I see her coming along the street before she sees me. Her back’s bowed, her neck fixed at an angle as if she’s constantly fascinated by something just in front of her feet. Her gait is determined, her stick whacks the ground with each step as if to show she’s not ready to slip beneath it yet.

Her basket- the weave baggy, stitching coming loose on the handle- hangs from knotted knuckles and when she enters the shop, she bangs it on the counter. The bottom of the basket’s lined with newspaper, ready to receive the day’s plants.

‘Hello, Lynn, dear. I wonder if you have any more of the polyanthus? I have a gap.’

Her voice is pure Celia Johnson- clipped, rather formal. The skin on her forearms is lightly tanned and papery, but her muscles are still taut with not an ounce of spare flesh. I imagine her as a girl, playing in the hockey team, whispered conversations in the dorm after lights out. Her speech is peppered with ‘awfully kind’, ‘terribly good’. She never lets you call her ‘Miss’, only ever Dina.

I try to ask how she’s been, if she recovered from her fall, but she doesn’t hear a word. She tells me she’s deaf, but I know that- I’ve been shouting at her since he walked through the door.
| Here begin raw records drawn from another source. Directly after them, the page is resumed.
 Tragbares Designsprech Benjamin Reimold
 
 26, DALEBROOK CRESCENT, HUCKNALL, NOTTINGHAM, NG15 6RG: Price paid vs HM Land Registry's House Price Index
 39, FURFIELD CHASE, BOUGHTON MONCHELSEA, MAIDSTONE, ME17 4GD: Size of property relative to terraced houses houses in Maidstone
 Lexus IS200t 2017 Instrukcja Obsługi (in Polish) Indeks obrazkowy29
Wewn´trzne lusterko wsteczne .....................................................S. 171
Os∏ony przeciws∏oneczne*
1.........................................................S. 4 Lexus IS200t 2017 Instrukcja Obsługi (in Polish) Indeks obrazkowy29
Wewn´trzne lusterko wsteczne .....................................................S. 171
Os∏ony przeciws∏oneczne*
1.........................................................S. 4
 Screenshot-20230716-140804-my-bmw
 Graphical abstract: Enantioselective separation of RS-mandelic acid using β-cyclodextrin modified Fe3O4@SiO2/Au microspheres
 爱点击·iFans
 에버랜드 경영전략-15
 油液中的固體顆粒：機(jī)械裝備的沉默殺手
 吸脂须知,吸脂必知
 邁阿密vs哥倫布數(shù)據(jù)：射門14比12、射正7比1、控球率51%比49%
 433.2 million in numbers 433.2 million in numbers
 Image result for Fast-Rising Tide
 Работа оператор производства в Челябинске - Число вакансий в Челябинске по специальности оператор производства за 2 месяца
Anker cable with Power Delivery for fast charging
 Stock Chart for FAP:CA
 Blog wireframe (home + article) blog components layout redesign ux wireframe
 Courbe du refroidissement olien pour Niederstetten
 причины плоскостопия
She shuffles out to look over the plants, hand curling around the doorframe for support, each step carefully placed as she crosses the threshold.

‘No, no, yellow won’t do. And I can’t have white- never have white.’ She chooses three pink polys and I put them carefully in the basket for her.

‘Don’t get old, dear, never get old,’ she says.

I know her eyes water constantly and she has a paper hanky tucked up her sleeve so she can wipe them. Her opalescent cataracts reflect light like grey mirrors.

‘It’s hard work being old.’

She was a singer. An alto. She toured the region, filling concert halls. I imagine her taller, back straight, wrinkle-free, chin tilted high.

‘No microphones back then, dear.’

I imagine her wearing a satin gown, sheer fabric falling slick over her boyish frame, hair in pin curls or coiled into a bun at the nape of her neck. What did she sing- arias or something more current? But my question falls away unheard, unanswered.

She holds out her open purse and I take a neatly folded fiver. I make a point of holding up the note for her to see, counting the change back in. She gets anxious if she loses track of her money.

‘I must go. I need to mow the lawn before the girl comes to do my hair.’

I smile and nod and she waves her stick in farewell.


Day Six of Writing 101- write a character study of the most interesting person you’ve met this year.

Here she is. Possibly one of the most interesting people I’ve met in my life. Still determined, still winning the war, though the daily battles grind her down sometimes.